Task brief: Give back, exactly as written, the lines from the beginning of the listing through the one that contains "All In Motion".

Source material:
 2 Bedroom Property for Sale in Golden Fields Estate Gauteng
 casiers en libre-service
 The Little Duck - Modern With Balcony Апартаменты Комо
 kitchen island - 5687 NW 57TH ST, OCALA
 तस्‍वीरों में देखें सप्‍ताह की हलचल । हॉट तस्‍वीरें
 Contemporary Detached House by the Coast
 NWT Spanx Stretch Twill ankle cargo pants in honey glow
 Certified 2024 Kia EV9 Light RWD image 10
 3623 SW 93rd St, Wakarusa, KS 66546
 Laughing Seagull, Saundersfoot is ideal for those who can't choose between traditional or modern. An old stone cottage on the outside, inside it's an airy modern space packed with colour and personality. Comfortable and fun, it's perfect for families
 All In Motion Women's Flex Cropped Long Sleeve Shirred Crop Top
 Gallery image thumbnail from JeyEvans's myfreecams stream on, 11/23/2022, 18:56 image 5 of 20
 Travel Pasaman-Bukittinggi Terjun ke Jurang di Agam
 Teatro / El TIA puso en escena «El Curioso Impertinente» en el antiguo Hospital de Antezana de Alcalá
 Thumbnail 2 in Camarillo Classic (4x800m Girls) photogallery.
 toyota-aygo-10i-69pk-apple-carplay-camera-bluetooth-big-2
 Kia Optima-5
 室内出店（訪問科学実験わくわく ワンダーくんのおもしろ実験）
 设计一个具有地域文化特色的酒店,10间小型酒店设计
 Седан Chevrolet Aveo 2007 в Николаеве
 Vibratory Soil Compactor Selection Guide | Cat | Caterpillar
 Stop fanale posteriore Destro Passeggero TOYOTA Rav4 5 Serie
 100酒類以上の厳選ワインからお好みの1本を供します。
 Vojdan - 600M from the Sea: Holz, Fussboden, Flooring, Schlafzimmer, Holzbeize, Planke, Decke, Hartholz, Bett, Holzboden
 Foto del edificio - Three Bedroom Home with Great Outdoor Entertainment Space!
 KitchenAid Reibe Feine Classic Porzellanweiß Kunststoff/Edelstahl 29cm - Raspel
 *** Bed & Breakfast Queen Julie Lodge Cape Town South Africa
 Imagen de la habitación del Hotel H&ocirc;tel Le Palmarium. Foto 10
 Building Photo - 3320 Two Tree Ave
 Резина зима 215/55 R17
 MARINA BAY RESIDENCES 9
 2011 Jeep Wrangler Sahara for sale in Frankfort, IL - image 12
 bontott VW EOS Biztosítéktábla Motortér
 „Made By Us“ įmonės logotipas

Answer space:
 2 Bedroom Property for Sale in Golden Fields Estate Gauteng
 casiers en libre-service
 The Little Duck - Modern With Balcony Апартаменты Комо
 kitchen island - 5687 NW 57TH ST, OCALA
 तस्‍वीरों में देखें सप्‍ताह की हलचल । हॉट तस्‍वीरें
 Contemporary Detached House by the Coast
 NWT Spanx Stretch Twill ankle cargo pants in honey glow
 Certified 2024 Kia EV9 Light RWD image 10
 3623 SW 93rd St, Wakarusa, KS 66546
 Laughing Seagull, Saundersfoot is ideal for those who can't choose between traditional or modern. An old stone cottage on the outside, inside it's an airy modern space packed with colour and personality. Comfortable and fun, it's perfect for families
 All In Motion Women's Flex Cropped Long Sleeve Shirred Crop Top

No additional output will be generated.